I try on a few different looks from his Voltage line. First is a gray, backless cocktail gown with a top half that wraps around my neck and down across my breasts... and that's about all there is to it. My chest and stomach are exposed to the world. The bottom half features a wide belt that pours into a flirty skirt—part Lorca, part Katarina Witt.
Moskal crouches down and plays with the hem, apologizing for the stray pins jabbing my thighs. "Where are your knees?" he asks.
I direct him upward and, as he hovers it occurs to me that he might be discovering something that could be a serious problem. But more on that later.
My next ensemble covers slightly more leg. The bronze cowl skirt sits high on my waist, rippling down my hips like drapery before tapering off around my calves. Instead of hiding a fuller bottom, it creates one, embellishing a woman's natural curves. The look is silky and Arabian, like I'm two seconds from a magic carpet ride.
I pair the skirt with a heather gray jersey top pleated around the braline. It reminds me of a t-shirt that I bought at Forever 21 and wore to an office party. Moskal tugs on the folds around my waist and deems the shirt baggy in the right spots, but ultimately too long. He scribbles notes on a pad of paper and I trot off to change into another outfit.
Despite sporting a bevy of bloodthirsty needles, the next, still-unfinished, dress instantly becomes my favorite. Moskal admits that it's the most popular garment among his stable of Voltage models. With dainty polka dots, a babydoll bust, and billowy sleeves, it exudes childlike innocence and playfulness. I long to pair it with skinny jeans and bangle bracelets like a chain-smoking Olsen twin, or at the very least wear it in the show.
For all the hustle and bustle I've seen in the designers' apartments, the next week will be when the real work gets done. There's nothing like a showcase in front of a couple of thousand people to force you to make those creative decisions you've been putting off.
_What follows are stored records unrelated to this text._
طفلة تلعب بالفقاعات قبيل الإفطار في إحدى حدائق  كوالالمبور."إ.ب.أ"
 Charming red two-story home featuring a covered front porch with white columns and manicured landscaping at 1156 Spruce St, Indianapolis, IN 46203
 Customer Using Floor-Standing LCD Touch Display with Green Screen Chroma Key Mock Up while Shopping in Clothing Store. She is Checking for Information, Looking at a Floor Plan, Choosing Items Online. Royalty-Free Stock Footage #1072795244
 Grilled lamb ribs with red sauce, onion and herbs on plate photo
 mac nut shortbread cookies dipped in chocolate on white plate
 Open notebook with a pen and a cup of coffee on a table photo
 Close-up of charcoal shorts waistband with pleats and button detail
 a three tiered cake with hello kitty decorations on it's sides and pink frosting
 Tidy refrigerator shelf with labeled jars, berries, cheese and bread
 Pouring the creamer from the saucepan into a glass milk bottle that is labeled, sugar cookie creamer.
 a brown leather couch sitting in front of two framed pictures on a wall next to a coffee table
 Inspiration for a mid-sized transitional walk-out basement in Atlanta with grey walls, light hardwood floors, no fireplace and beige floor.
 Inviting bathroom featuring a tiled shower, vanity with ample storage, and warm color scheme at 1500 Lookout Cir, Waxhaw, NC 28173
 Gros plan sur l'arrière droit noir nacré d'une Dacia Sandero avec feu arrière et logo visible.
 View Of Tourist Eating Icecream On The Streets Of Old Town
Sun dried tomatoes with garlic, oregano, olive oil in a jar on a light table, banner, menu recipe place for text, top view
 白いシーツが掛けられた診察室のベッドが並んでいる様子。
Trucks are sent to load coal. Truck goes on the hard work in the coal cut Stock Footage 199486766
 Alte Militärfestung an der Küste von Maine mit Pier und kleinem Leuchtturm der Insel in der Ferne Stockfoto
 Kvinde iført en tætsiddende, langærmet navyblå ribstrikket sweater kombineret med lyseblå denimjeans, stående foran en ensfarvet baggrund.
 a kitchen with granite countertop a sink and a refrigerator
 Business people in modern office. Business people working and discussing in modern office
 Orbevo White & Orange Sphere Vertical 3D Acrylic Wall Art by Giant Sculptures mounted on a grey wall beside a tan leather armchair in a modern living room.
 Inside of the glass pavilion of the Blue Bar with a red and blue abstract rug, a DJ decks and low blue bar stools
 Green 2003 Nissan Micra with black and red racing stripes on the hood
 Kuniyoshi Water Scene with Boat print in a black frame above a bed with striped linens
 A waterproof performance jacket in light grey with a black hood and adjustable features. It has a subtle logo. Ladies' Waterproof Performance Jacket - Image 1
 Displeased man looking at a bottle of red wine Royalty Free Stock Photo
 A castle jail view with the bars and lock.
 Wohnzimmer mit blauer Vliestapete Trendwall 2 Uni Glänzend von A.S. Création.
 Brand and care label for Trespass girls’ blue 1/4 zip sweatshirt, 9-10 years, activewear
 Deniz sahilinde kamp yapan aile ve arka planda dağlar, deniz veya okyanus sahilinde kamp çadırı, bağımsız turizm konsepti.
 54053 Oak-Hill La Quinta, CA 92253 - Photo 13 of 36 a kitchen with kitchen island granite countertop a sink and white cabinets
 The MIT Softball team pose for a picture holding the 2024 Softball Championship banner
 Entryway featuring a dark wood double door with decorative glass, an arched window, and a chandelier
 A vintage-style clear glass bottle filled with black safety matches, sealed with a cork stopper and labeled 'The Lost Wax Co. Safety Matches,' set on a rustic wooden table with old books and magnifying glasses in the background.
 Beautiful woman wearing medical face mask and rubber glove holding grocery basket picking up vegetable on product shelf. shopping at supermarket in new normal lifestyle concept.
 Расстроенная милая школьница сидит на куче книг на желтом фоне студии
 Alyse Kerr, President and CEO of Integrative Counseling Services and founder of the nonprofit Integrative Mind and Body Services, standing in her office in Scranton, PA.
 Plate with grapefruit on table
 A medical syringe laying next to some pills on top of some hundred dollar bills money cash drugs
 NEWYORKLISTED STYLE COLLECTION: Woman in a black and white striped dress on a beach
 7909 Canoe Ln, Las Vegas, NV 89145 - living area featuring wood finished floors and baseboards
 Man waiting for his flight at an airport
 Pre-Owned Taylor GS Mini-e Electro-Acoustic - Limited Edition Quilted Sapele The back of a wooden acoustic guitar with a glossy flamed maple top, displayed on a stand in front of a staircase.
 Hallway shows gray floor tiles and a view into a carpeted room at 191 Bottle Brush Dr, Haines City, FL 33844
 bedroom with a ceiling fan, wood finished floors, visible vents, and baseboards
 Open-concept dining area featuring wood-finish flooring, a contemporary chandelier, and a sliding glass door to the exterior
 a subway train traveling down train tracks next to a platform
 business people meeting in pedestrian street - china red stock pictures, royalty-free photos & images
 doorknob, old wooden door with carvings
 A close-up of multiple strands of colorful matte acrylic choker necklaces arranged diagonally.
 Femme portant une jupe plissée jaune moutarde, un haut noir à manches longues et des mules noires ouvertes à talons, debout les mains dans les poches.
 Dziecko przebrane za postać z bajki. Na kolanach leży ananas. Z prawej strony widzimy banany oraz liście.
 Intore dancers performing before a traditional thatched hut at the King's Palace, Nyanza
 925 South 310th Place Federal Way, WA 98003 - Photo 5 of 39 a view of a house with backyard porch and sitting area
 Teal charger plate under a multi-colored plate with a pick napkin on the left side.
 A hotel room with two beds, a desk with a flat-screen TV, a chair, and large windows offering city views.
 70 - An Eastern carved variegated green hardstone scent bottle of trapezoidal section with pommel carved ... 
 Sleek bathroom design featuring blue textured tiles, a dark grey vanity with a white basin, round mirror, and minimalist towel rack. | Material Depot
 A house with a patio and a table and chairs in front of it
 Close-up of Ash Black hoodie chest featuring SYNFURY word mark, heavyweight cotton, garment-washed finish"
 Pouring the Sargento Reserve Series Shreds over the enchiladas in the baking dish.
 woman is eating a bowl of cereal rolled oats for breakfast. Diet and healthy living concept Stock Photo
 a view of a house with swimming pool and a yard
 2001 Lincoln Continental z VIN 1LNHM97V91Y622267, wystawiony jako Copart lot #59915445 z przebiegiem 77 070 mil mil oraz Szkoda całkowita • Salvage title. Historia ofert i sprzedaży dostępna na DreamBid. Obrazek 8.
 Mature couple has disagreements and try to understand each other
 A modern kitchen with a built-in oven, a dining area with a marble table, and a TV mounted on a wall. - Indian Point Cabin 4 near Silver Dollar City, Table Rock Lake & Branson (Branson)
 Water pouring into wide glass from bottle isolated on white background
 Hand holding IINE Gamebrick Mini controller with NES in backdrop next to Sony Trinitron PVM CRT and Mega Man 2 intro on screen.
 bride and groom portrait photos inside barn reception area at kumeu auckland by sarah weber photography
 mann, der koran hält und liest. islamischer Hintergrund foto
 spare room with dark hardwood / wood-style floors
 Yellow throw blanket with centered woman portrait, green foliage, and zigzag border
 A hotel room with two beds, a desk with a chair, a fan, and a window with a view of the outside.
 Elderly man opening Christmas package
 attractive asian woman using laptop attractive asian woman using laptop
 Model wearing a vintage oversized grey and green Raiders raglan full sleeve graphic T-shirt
Either that, or I'll still be getting jabbed by pins during my walk down the runway.
Whatever happens, I'll be posting about it on the City Pages website until the last minute. And unless I fall off the catwalk—and then walk straight out of the country in shame—I'll post some more pictures after Voltage is over.
In the meanwhile, there's not much for me to do now except wait and worry—and pray to the Acne Gods who reward our virtue by giving us clear skin. Actually, that's not quite true. There is one decision about the show that I've been putting off myself—a painful concession I'll have to make to become a model.
And so to George Moskal, Anne Selden, and Troubador, I make this pledge: On the Tuesday night before Voltage, for the first time in five years, I'll break out a razor and shave my legs.